The college application process is competitive, and a résumé is a great way for you to showcase your experience and
Start early. Even though you will not likely need to share your résumé with a college admission counselor until junior or senior year, it’s a good idea to keep a running list of your accomplishments and experience throughout high school. Start in the first year of high school, so you don’t forget things along the way. This could include:
- Academic and extracurricular achievements and awards
- Sports and extracurricular activities
- Leadership positions
- Relevant group projects and classes (particularly if they relate to a specific major you are pursuing)
- Community service
- Paid work experience
Include the basics. The heading should include your name, address, email and phone number, as well as your high school information with your graduation date, GPA (weighted), class rank (if applicable), and SAT/ACT scores.
Use space wisely. Leave off an objective or executive summary to make room for work, relevant coursework, leadership and extracurricular involvement.

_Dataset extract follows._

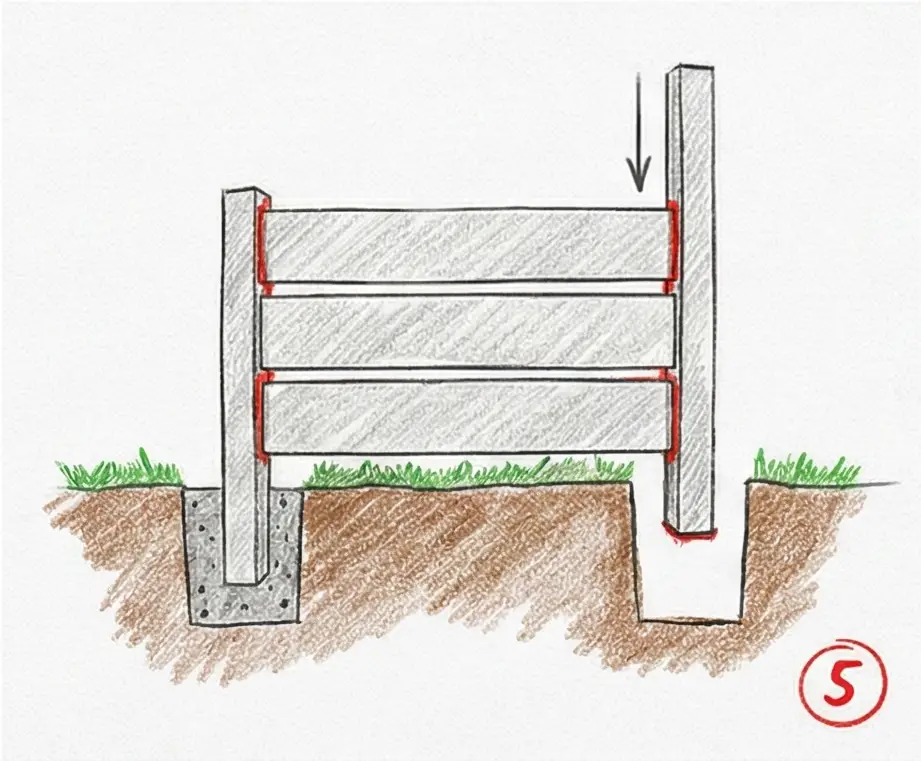 Sestavení plotu – postupné vkládání dalších betonových panelů shora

Use consistent formatting. The following should be consistent throughout your résumé:
- Font style: conservative, such as Times New Roman, Arial or Helvetica
- Font size: the body 10 to 12 point and your name larger
- Line spacing: single
- Margins: top/bottom, left/right
- Bullets: size, shape, alignment
- Dashes: size, spacing between text
- Dates: format and alignment
- Section headers: all CAPS, bold, underline
Broaden (and tailor) your experience. Admission counselors are looking for well-rounded students: A mix of academic, professional, extracurricular and community-based experience will help demonstrate that. Examples include serving on the board of a student organization; being captain of an athletic team; acting in a school play; participating in the math club; or arranging a local food drive.
Identify your strengths. This can be a challenging task, since you may not yet recognize your strengths. To get the ball rolling, ask friends, family, teachers, coaches, school counselors and others what stands out to them. You may be pleasantly surprised!
Incorporate your strengths. Highlight soft skills such as communication, organization, teamwork, attention to detail and ability to multitask. Sharing these kinds of traits will help admission counselors figure out if you’re a good fit for the campus culture and community. Also include technical skills such as computer and foreign language proficiency.
Include numbers and figures. Quantifiable evidence makes a much stronger impact than a simple explanatory sentence does. This can seem hard to do as a high school student, so be creative: include how much money you saved a school club, how many events you organized for a local charity or how many students you supervised while working at a summer camp, for example.
Be honest. If you signed up for a school club, but never participated, don’t put it on your résumé. Honesty is key. (Yes, it’s as simple as that.)
Proofread. Ask a friend, family member or teacher to proofread your résumé. Leave absolutely no room for errors of any kind, especially grammatical errors. Spelling and punctuation mistakes stand out as red flags and can make any other information on your résumé, no matter how outstanding it may be, irrelevant.
Be ready to explain. You should be comfortable talking about any points on your résumé.
Building a résumé during high school will prove to be a useful part of your college application process, but also a resource to help you identify areas where you excel and would like to explore or strengthen. It’s also a handy tool to help you fill out college applications.